Directions: With the pictures removed, retype the lines from the one holding "Myanmar Jadeite Dragon" through the end of the records, exactly as written.

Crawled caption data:
━━━━━━━━━━
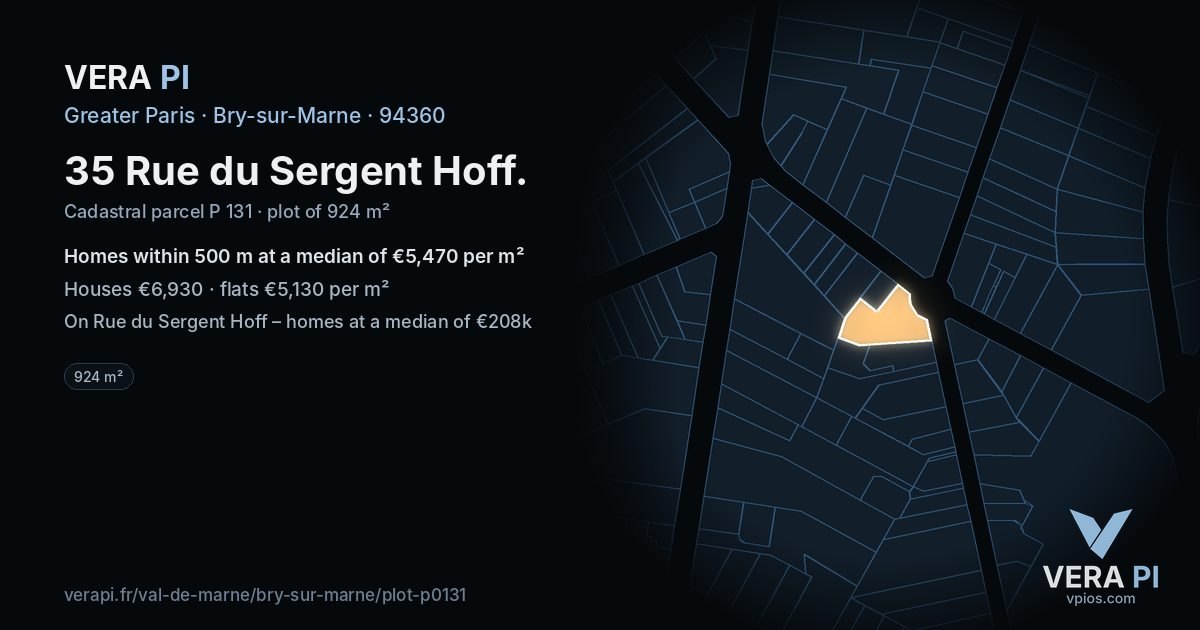 35 Rue du Sergent Hoff, Bry-sur-Marne at night – the plot lit, the parcels around coloured by the prices near them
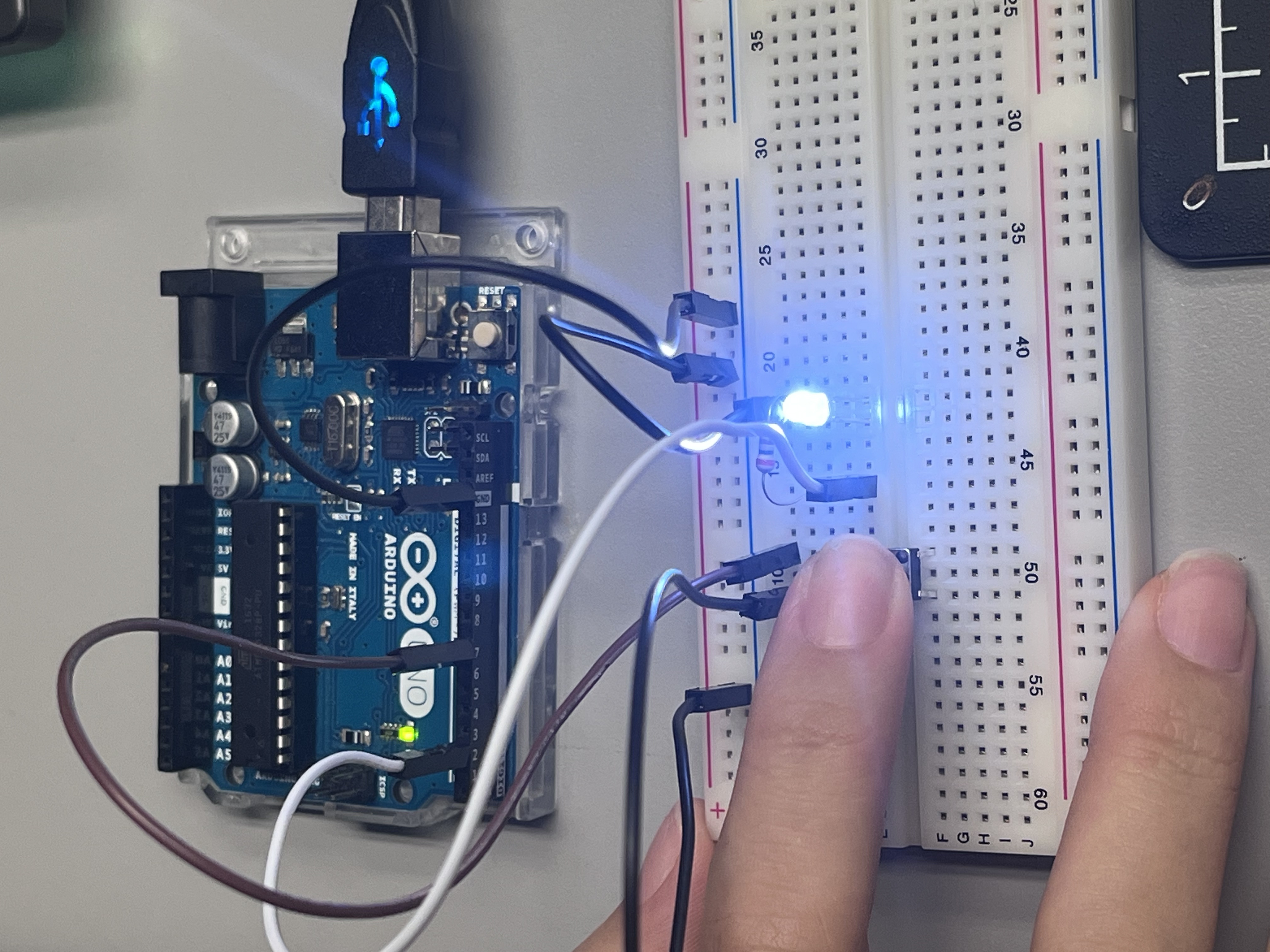 A push button was integrated into the circuit; pressing it completes the circuit and turns on the LED. When I pressed the button, the LED instantly illuminated; releasing it turned the light off.
      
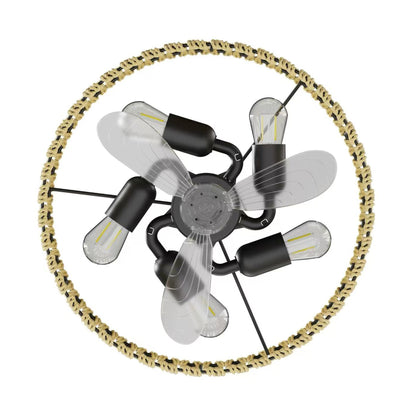 White Low Profile Flush Mount Ceiling Fan with Remote - view 13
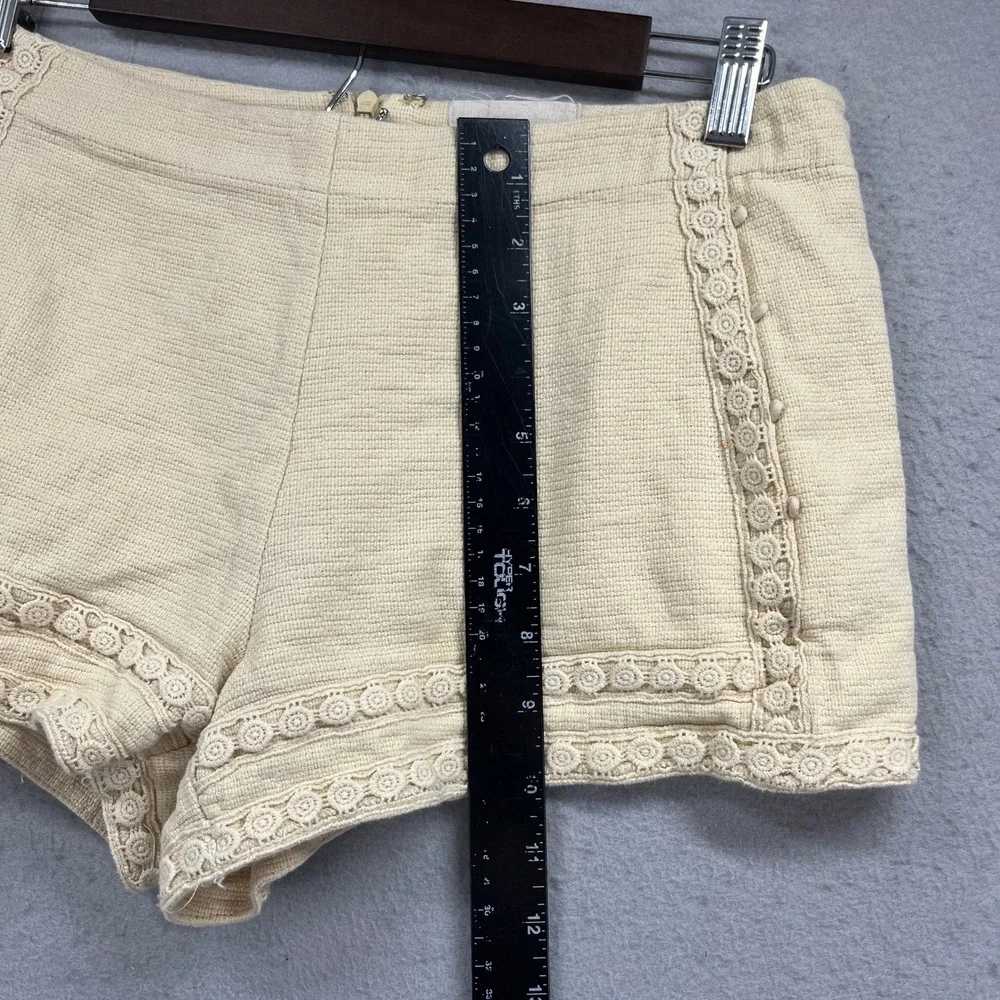 Moon River Shorts Womens Large Cream Crochet Trim Woven Festival Boho Beachy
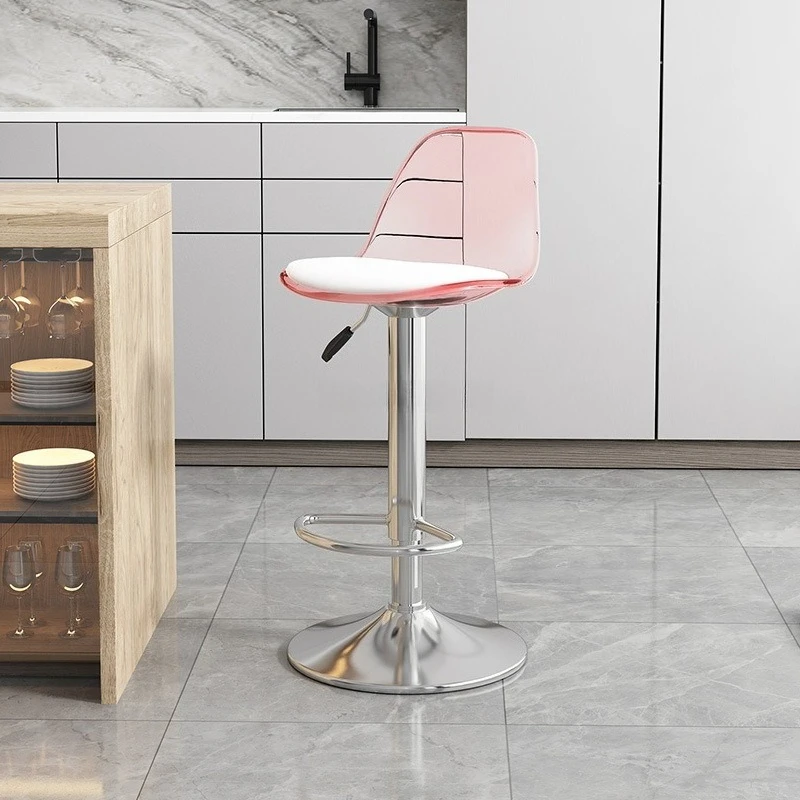 

Acrylic Swivel Bar Chairs Pink Transparent Barber Metal White Bar Chairs Kitchen Tall Adjustable Chaise Design Furniture
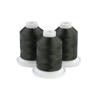 Three spools of olive drab embroidery thread on white bases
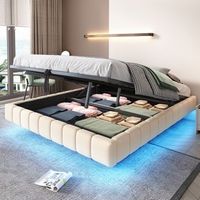 cama tapizada 160x200 cm somier hidraulico almacenamiento led sin cabecero lino beige
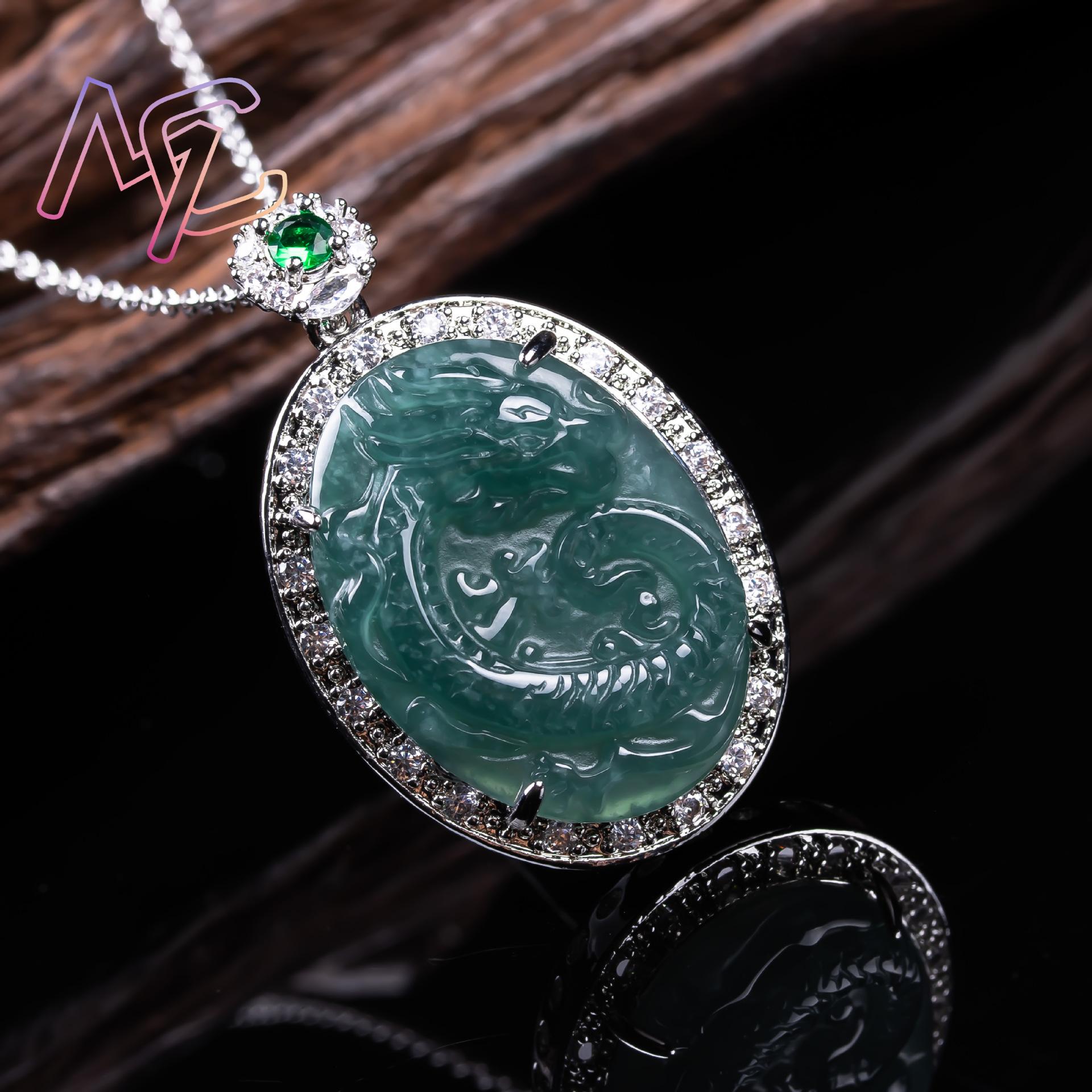 Myanmar Jadeite Dragon Pendant - 925 Sterling Silver Chain Necklace Men 评论和价格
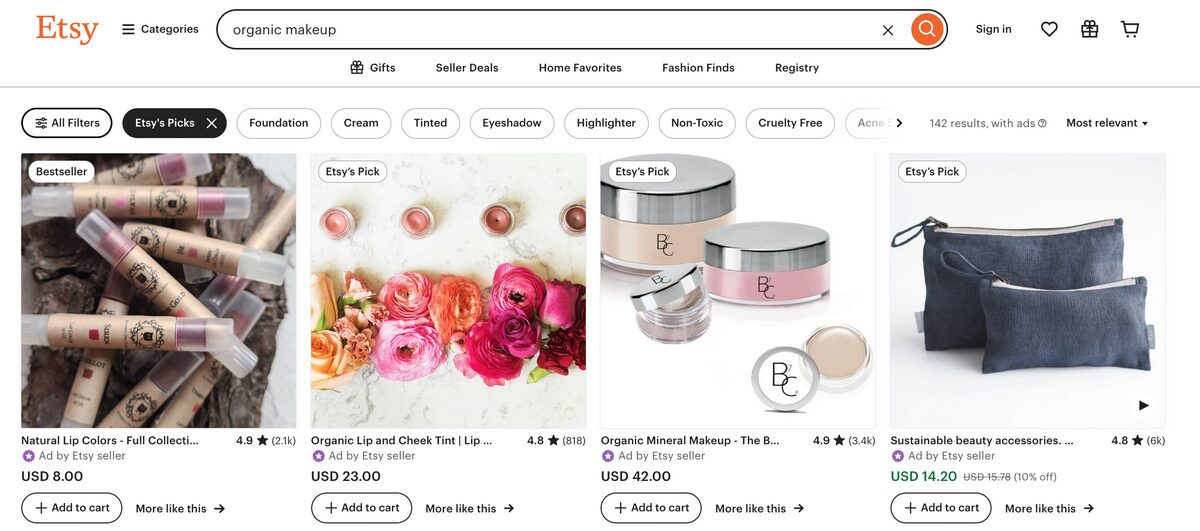 Etsy Organic Makeup Subniche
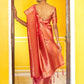 Janasya Pink Organza Woven Geometric Design Kanjeevaram Saree | Swadesiicart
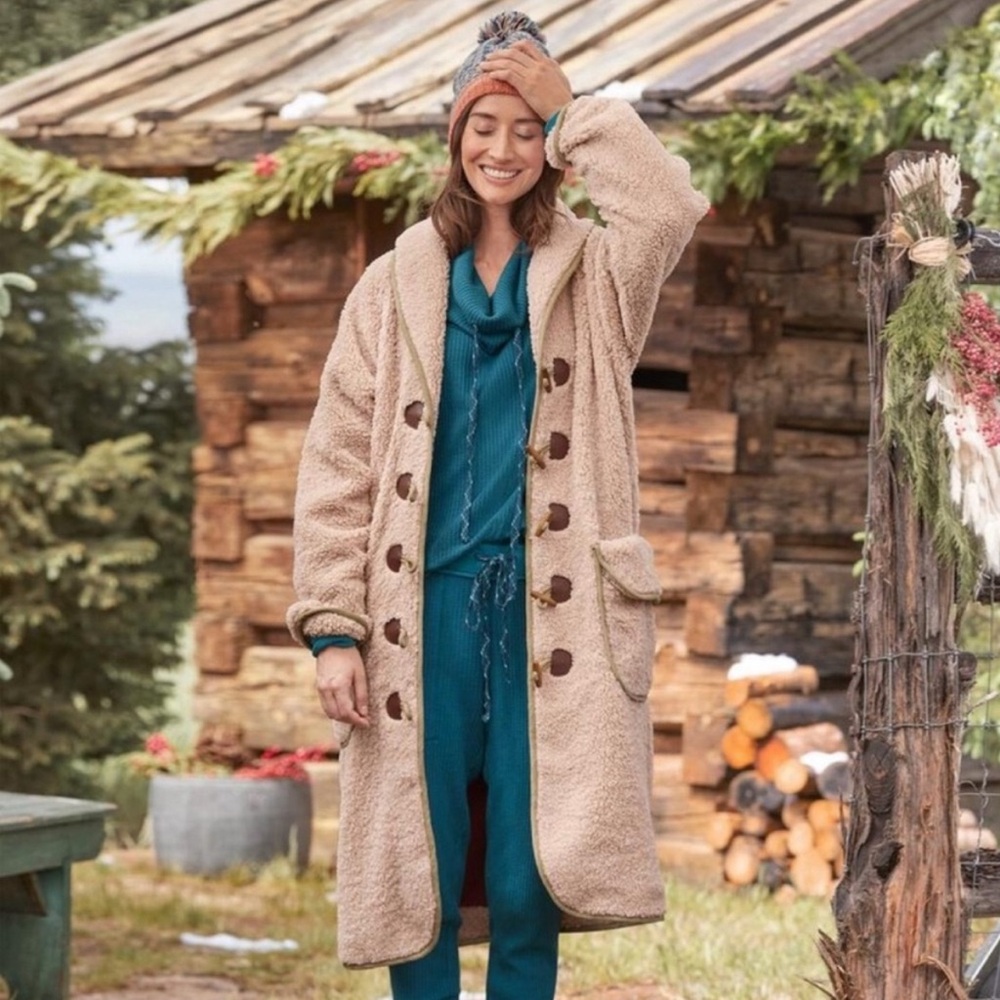 Sundance Cream Teddy Coat with Brown Accents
━━━━━━━━━━
Written solution:
 Myanmar Jadeite Dragon Pendant - 925 Sterling Silver Chain Necklace Men 评论和价格
 Etsy Organic Makeup Subniche
 Janasya Pink Organza Woven Geometric Design Kanjeevaram Saree | Swadesiicart
 Sundance Cream Teddy Coat with Brown Accents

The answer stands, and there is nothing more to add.